«…Мои чешуйки перемешались с илом… и слабеет, слабеет память: не найти…
Ах, как долго (долго!) я живу на предельном, раскалённом гребне застывшего крика. Я понимаю — почему… но вместе с тем — недоумение: почему…?…Понимание и недоумение — одновременно… это ли не странность?
Но странно, странно…
Но так странно видеть жадные руки, не знающие меры своей жадности; видеть трусость и подлость там, где есть тысяча возможностей этого избегать; видеть гордыню, не претворённую в гордость; видеть глупость, равнодушно проходящую мимо сокровенных дверей, глупость, которая осознала себя, но осознание отбросила, растоптала..
Так странно осязать утаённые в ряске и сумерках останки того, что сулило явиться величайшим и небывалым!..; осязать глухоту и чванливое онеменье сердец (глубокие застывшие следы в текучести вод…)…
Так странно слышать: «ты жесток!» от тех, кому в трудное время ты подставлял плечо; слышать: «ты безумец!» от тех, кто рядом с тобою становился мудрее и выше; слышать: «ты чудовище!» от тех, кто находил у тебя утешение и уверенность в своих силах…

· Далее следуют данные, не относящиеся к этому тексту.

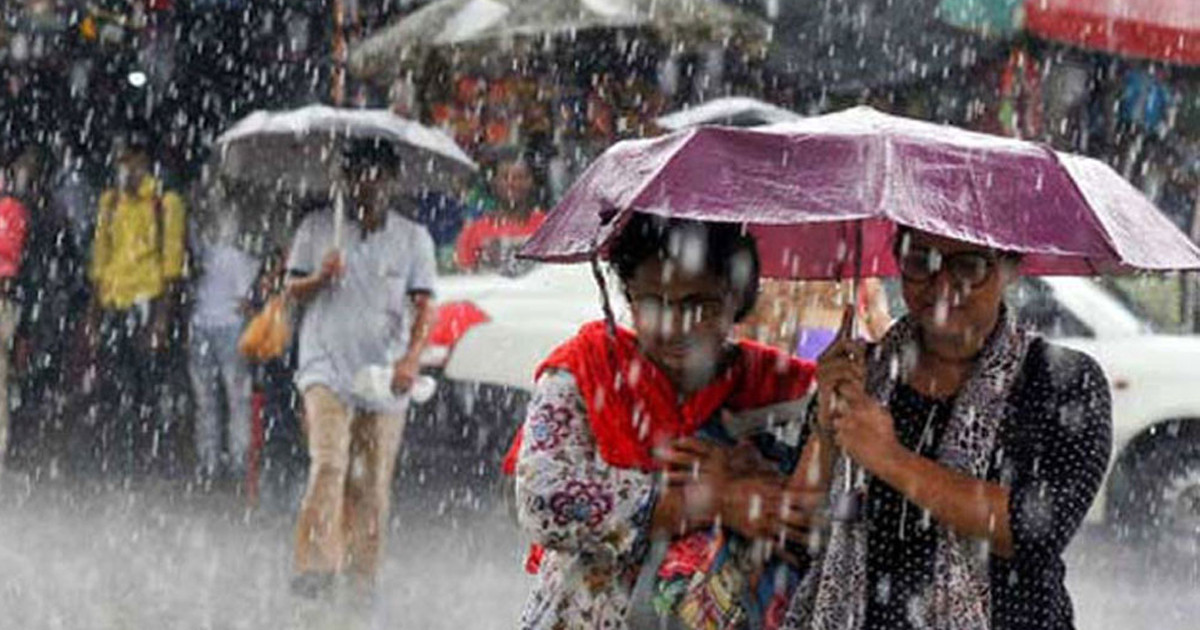 বৃষ্টি কমবে কবে, জানালো আবহাওয়া অফিস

И — никогда — хотя бы: «эй, жестокое безумное чудовище, тебе не холодно? ты не устало?.. почему ты плачешь?» (А и впрямь: кому и какое дело, почему плачет чудовище… Захотело — и плачет; у него для этого свои — чудовищные — соображения Ну холодно, ну устало… и что? эка невидаль!)
Недоумение и понимание — одновременно… Это ли не странность?
…Но — понятно и не вызывает ни малейшего недоумения: мы с озером — неразделимы (куда нам друг без друга?). Мы вместе пришли, и уйдём — вместе…Сколько нам с ним ещё кочевать, уподобляясь переменчивым бродячим миражам на бесплодных равнинах — кто знает?.. ясно одно: когда-нибудь (это обязательно случится!) озеро станет океаном…!..
…Океан-ДОМ, океан-ПТИЦА, океан-СОЛНЫШКО… Кто скажет мне, несмышлёнышу, долгой ли будет дорога? трудным ли будет ожидание?..
Но: мы — продолжаемся! да!..»…
По озеру пробежала рябь. Залопотали-запели (тихохонько…) камыши. Сдвинулись, и — сдвинувшись — сомкнулись берега.
«…В дорогу… в дорогу… в дорогу…!»
…Смена среды обитания не слишком-то и удивила озёрных жителей, не вызвала особенного беспокойства. Да и с чего? Болотце, по правде говоря, было и обширным, и тёплым, и довольно-таки комфортабельным. Здесь было сытно, основательно, обустройно (не в пример предыдущему обиталищу). Здесь каждый имел свой уголок, свои обязанности, свою собственную уверенность в завтрашнем дне, где не было места ничему устрашающему, теребящему (никакими кошмарами, навроде возникавших иной раз на озере океанских веяний, — здесь и не пахло). Нынешние (болотные) жители не печалились: ничего, кроме удовольствия и приятности, произошедшее не вызывало.
…И только некоторые из них, пугливо заслоняясь от пренебрежительных и осуждающих взглядов, изредка рыскали по окрестностям, пытаясь отыскать хоть какую-нибудь лужицу, способную прозрачностью и глубиной напомнить озеро… озеро…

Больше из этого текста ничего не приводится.